O deputado Chicão Bulhões (Novo) destacou a unanimidade do Parlamento em apoiar o impeachment. “Esta Casa não aceita mais uma forma de operar a política que a população do Rio já disse mais de uma vez que está exausta, que não aguenta mais. A população quer novos ares e isso não significa só novos nomes. A população quer novas práticas. Vivemos uma crise de liderança que vem se manifestado em sucessivos governos e esse não foi diferente. Todos os indícios apontam para as relações espúrias deste governador antes das eleições. A forma como ele chegou ao poder mostra as dívidas que ele fez com o grupo político que quer mais uma vez assaltar o Rio de Janeiro“, afirmou.
Outro que discursou foi Carlos Minc (PSB), que é o deputado com mais mandatos no Parlamento Fluminense. “É muito triste que esta corrupção de vários governos tenha, neste momento, se concentrado na área da Saúde, justamente em uma pandemia. Isso é muita irresponsabilidade. O pior é que, depois do relatório, já aconteceram vários outros fatos. A criatividade de quem faz o mal é assustadora“, concluiu.
Trâmite do processo
A abertura do procedimento para apuração de crime de responsabilidade do governador Wilson Witzel ocorreu durante sessão plenária no dia 10 de junho, com a aprovação unânime dos deputados. Na prática, a abertura do processo poderia ser uma decisão exclusiva do presidente da Casa, que preferiu consultar seus pares. Após a abertura, foi instalada no dia 18 de junho a comissão para analisar o pedido de impeachment e a denúncia protocolada pelos deputados Luiz Paulo e Lucinha.
O grupo, composto por 25 deputados, de todos os partidos com representação na Casa, foi validado por decisão do ministro do Supremo Tribunal Federal (STF) Alexandre de Moraes no dia 28 de agosto, após o rito do impeachment ter sido suspenso pelo presidente do STF, Dias Toffoli, no dia 27 de julho, que atendeu ao recurso da defesa questionando a formação da comissão especial. Na última quinta-feira (27/09), a comissão aprovou parecer favorável ao prosseguimento do impeachment, decisão que foi ratificada nesta quarta em plenário.
O trâmite segue os ritos da Lei Federal 1.079/50, que regulamenta o julgamento de crimes de responsabilidade, e a interpretação do próprio STF na Arguição de Descumprimento de Preceito Fundamental (ADPF) 378, que orientou o rito de impeachment da presidente Dilma Roussef, em 2016.
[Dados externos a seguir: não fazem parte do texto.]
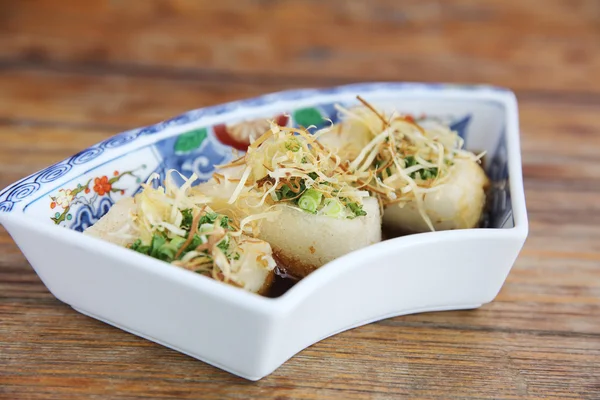 Gebakken tofu — Stockfoto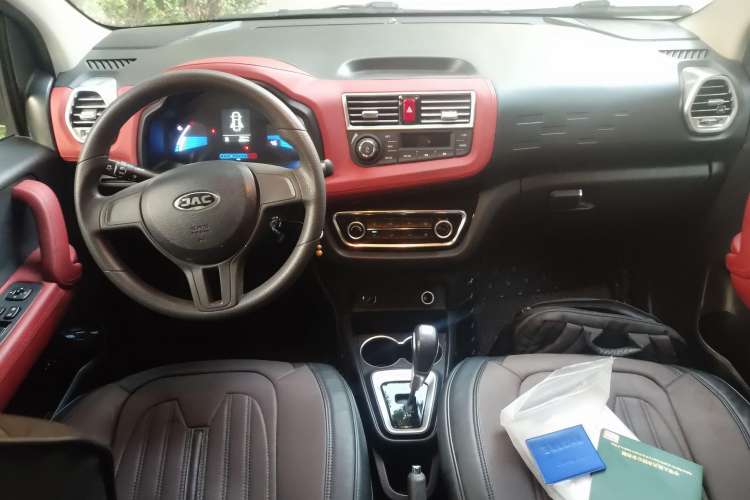 Used JAC iEV6E 2017 iEV6E Time Edition Center Console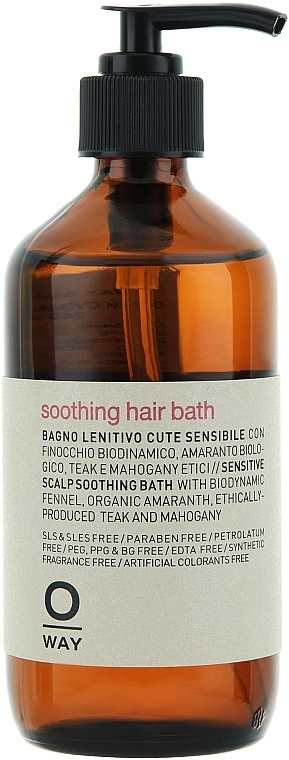 Hair Shampoo - Rolland Oway Soothing Hair Bath — photo N1
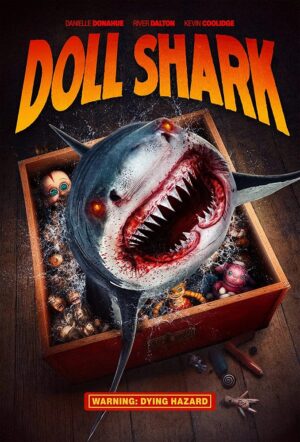 doll shark film 2023 poster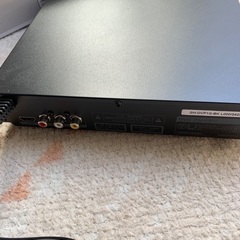 DVDプレイヤーほぼ新品　！値下げ！の画像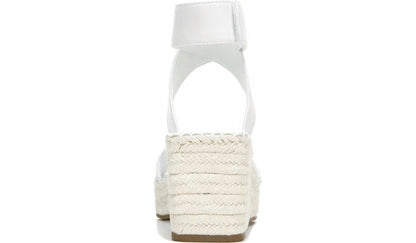 Franco Carezza Espadrille Wedge Sandal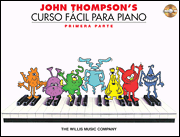 cover for John Thompson's Curso Fácil Para Piano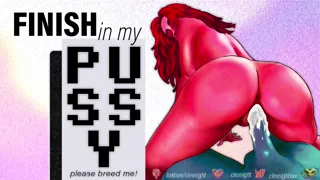 [F4M] FINISH IN MY PUSSY, BABE [JOI][voice only JOI][creampie][breeding][ASMR JOI]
Atualmente, Witzel já está afastado cautelarmente do cargo por decisão do STJ, após deflagração da Operação Tris In Idem, no último dia 28 de agosto. Com a aprovação do prosseguimento do processo de impeachment pela Alerj, a denúncia seguirá para o TJRJ e somente após o tribunal misto de julgamento aceitá-la que Witzel ficará duplamente afastado – pelo inquérito que responde no STJ e pelo processo de impeachment.